Robots are increasingly present in homes and healthcare facilities to assist humans in daily tasks, but communication with them can be unreliable. Brown researchers have developed a new approach to help robots — such as Boston Dynamics’s robotic dog, “Spot” — more accurately identify and retrieve items for humans — an approach inspired by how humans communicate with dogs.
Led by computer science doctoral candidate Ivy He GS, the study investigated how robots might be able to interpret human gestures in the same way as dogs. Researchers used a modular strategy to help the robots figure out how to locate and retrieve target objects using inputs from both human language and gestures.
According to Professor of Computer Science and Associate Professor of Engineering Stefanie Tellex, the principal investigator on the study, the researchers were “inspired by how humans and dogs collaborate, for example on agility tasks or search tasks,” she wrote in an email to The Herald.

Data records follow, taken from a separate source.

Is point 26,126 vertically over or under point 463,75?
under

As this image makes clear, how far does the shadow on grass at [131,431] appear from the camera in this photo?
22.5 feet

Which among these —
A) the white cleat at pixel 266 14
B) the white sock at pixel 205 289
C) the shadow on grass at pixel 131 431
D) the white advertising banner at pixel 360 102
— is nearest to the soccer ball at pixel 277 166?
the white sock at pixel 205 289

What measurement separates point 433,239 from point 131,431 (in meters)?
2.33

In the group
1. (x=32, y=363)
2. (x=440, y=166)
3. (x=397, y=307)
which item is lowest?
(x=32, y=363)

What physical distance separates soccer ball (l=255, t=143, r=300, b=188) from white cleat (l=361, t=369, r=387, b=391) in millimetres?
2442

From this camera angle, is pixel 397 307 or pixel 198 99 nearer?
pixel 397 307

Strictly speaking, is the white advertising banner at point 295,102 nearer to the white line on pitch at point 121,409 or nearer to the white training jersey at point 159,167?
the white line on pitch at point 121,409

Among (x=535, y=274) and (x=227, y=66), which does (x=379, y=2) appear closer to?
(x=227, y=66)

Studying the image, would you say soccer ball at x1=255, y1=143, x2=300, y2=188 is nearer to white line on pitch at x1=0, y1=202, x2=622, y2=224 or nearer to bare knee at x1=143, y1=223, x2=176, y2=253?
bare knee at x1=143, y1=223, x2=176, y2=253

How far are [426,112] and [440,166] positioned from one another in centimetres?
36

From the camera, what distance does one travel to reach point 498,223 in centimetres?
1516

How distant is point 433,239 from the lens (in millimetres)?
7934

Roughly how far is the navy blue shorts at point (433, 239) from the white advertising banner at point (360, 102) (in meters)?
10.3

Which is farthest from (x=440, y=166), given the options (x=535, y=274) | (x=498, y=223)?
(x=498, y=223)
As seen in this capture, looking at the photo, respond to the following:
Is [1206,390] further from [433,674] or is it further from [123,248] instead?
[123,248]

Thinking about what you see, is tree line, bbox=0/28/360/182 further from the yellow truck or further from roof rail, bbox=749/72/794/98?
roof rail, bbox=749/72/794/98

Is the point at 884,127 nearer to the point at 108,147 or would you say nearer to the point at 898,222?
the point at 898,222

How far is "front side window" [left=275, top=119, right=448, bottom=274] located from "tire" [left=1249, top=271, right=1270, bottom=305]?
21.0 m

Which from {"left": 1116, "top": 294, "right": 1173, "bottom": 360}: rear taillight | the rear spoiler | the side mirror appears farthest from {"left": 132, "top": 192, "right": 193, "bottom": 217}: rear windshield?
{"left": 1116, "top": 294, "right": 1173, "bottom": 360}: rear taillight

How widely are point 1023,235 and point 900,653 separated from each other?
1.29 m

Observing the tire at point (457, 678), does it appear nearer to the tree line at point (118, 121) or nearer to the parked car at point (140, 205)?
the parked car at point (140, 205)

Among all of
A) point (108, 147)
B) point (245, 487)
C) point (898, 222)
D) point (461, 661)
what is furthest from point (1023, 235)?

“Dogs are able to follow human pointing gestures, and we wanted our robots to do it too,” Tellex wrote in an email to The Herald.
The team was inspired by the Brown Dog Lab, run by Associate Professor of Cognitive and Psychological Sciences Daphna Buchsbaum ’02, which has investigated how dogs interpret human gestures like pointing, according to He.
Building on Buchsbaum’s research, He and Madeline Pelgrim GS — a doctoral candidate in the Department of Cognitive and Psychological Sciences — developed a separate study to understand the cognitive science behind when humans communicate with a pointing gesture, which creates a vector directing the dogs to an object.
In that previous study, He and Pelgrim used depth tracking and skeleton tracking to understand the body language cues people naturally used, such as which arm they preferred or whether they tended to point across their body, Pelgrim told The Herald.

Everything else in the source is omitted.